**Exercise directions**
Repeat the records below exactly. Omit the pictures.

**Scraped caption text data**
*****
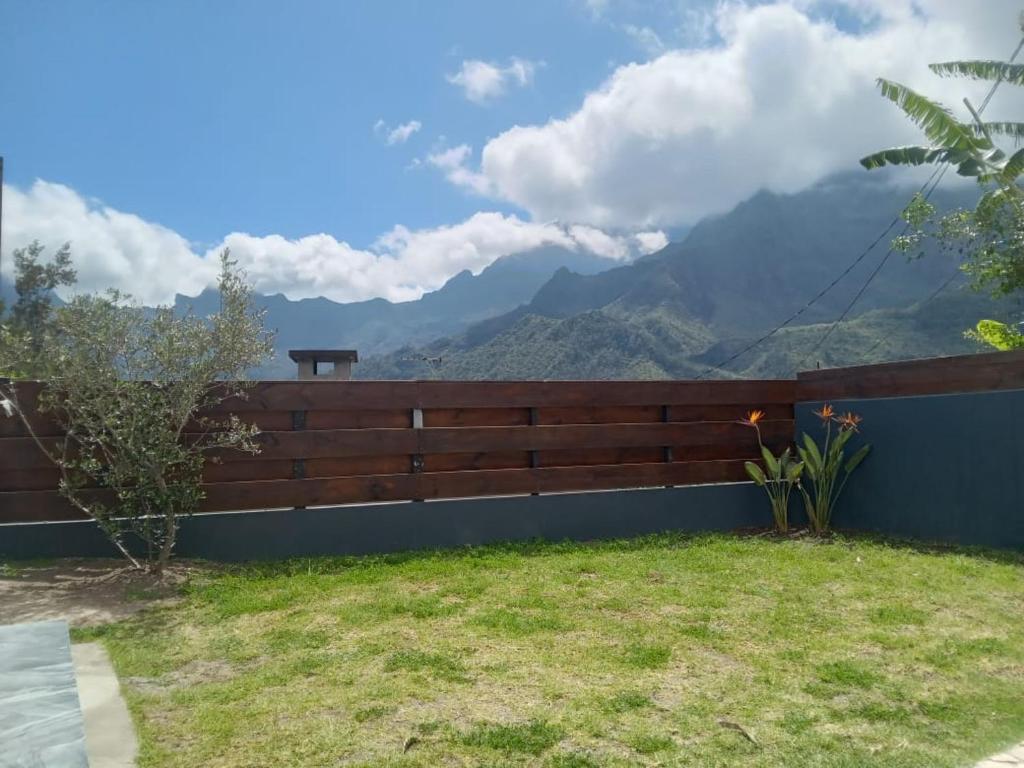 a wooden fence with mountains in the background at Le djebel in Cilaos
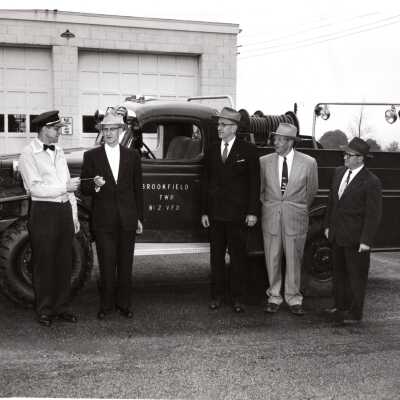 Men in Front of Firetruck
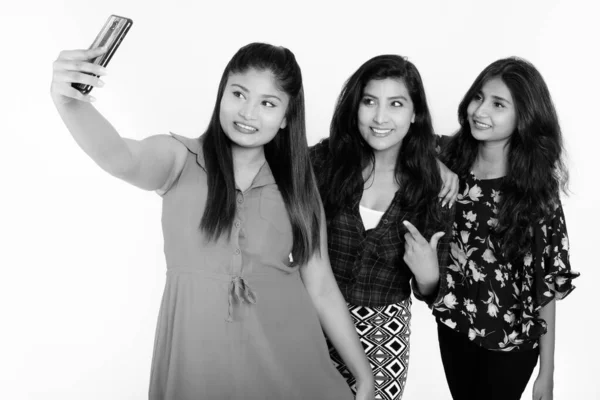 Studio skott av tre glada unga persiska kvinna vänner ler samtidigt ta selfie bild med mobiltelefon tillsammans — Stockfoto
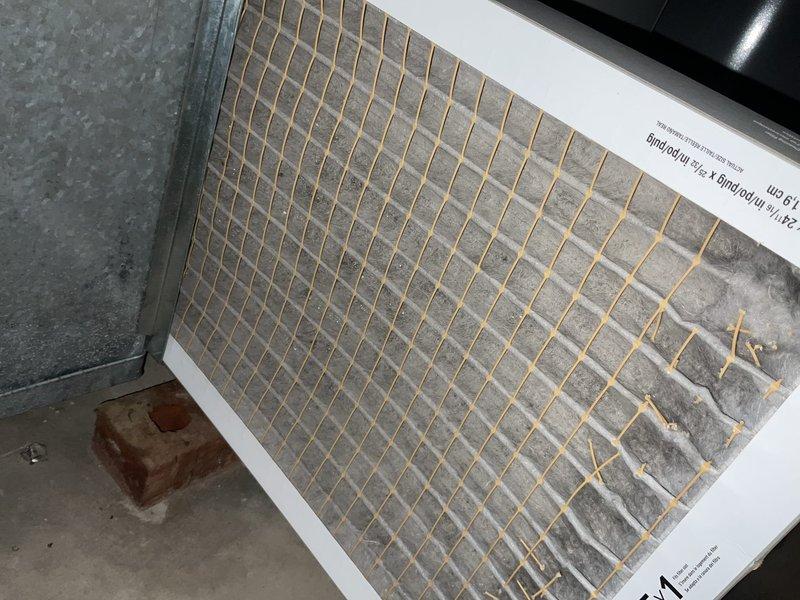 Completed comprehensive BFMA tune-up service on residential air conditioning system over 5 years old. Performed standard maintenance procedures including system inspection, filter evaluation, and equipment assessment. Documented existing filter condition showing dust accumulation and inspected copper refrigerant lines, flexible ductwork, and air handler components in attic installation space, noting age-related surface oxidation on copper piping and minor discoloration on ductwork surfaces.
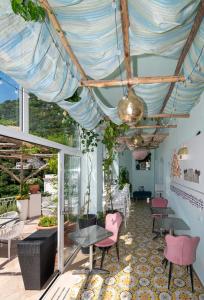 Pokój ze stołami i krzesłami oraz sufitem w obiekcie Hostel Brikette w mieście Positano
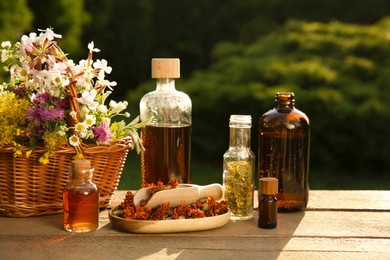 Tincture in bottles and different flowers on wooden table outdoors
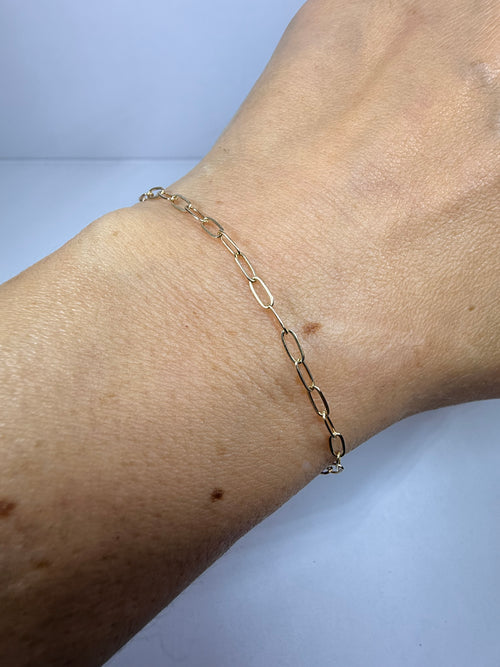 Model wearing a 10k solid yellow gold 7 inch paperclip link bracelet on wrist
*****
**Task response**
 a wooden fence with mountains in the background at Le djebel in Cilaos
 Men in Front of Firetruck
 Studio skott av tre glada unga persiska kvinna vänner ler samtidigt ta selfie bild med mobiltelefon tillsammans — Stockfoto
 Completed comprehensive BFMA tune-up service on residential air conditioning system over 5 years old. Performed standard maintenance procedures including system inspection, filter evaluation, and equipment assessment. Documented existing filter condition showing dust accumulation and inspected copper refrigerant lines, flexible ductwork, and air handler components in attic installation space, noting age-related surface oxidation on copper piping and minor discoloration on ductwork surfaces.
 Pokój ze stołami i krzesłami oraz sufitem w obiekcie Hostel Brikette w mieście Positano
 Tincture in bottles and different flowers on wooden table outdoors
 Model wearing a 10k solid yellow gold 7 inch paperclip link bracelet on wrist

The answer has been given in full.